While Kirch has only gone as far as to say that the enterprise distribution - as opposed to the community distribution openSUSE - will adopt a shim bootloader to chain onto Grub2, as Red Hat has outlined, it looks pretty certain that SUSE will follow the enterprise leader.
Red Hat's method will use a shim to load Grub 2 and then load the operating system which is signed by a key that Red Hat has purchased from Microsoft via Verisign. For Red Hat, this involves signing up to the Microsoft developer program.
For SUSE, there is no additional signing up needed; it signed a five-year patent-licensing deal with Microsoft back in 2006 and that was renewed last year for a further four. SUSE merely has to pay the extra $US99 for the key that will enable the loading of its bootloader.

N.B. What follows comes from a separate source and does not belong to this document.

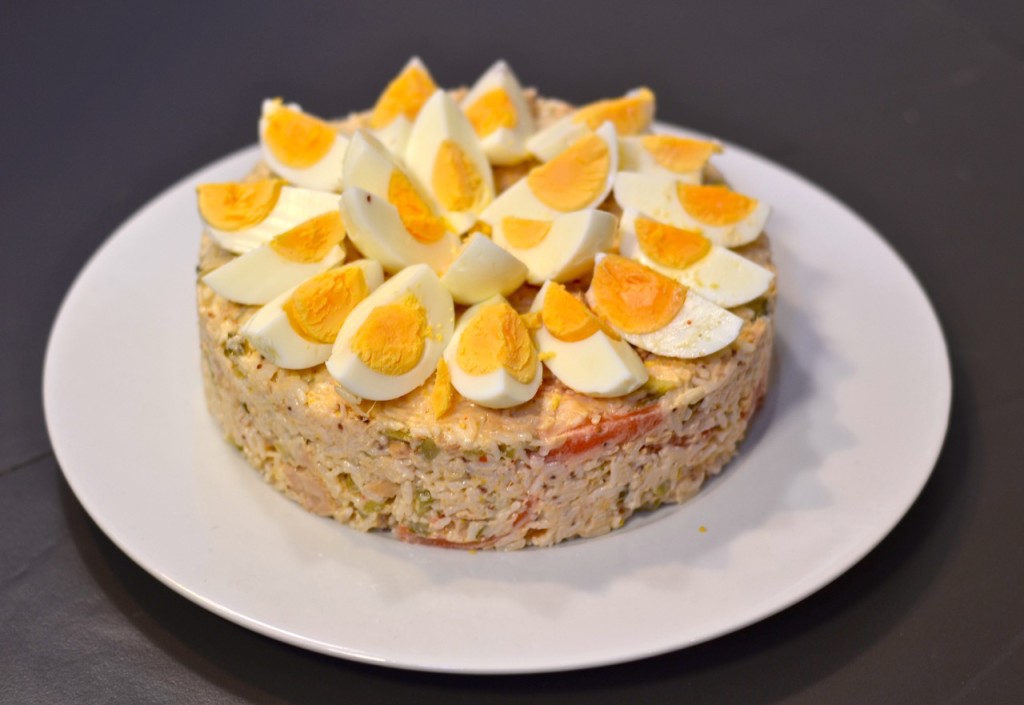 Ensalada de arroz con huevos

Though Kirch has left open the possibility that openSUSE will adopt a different method for adapting to secure boot, that seems highly unlikely. No matter what anyone says, openSUSE is a development pool for the enterprise distribution; the chances that the community distribution will go in another direction to the enterprise one are very small indeed.

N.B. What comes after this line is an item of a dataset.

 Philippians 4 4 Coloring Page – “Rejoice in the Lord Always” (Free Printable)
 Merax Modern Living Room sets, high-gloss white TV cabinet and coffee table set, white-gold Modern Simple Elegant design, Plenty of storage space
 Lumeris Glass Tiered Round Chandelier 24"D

Kirch has also left open the possibility of having a SUSE key for signing the boot loader; this, again, is unlikely given that the cost involved is more. The method that Red Hat devised and then announced for Fedora has met with less resistance than that announced by Ubuntu. SUSE is in competition with both companies and hence it is only logical that it will go with the solution that has won more favour.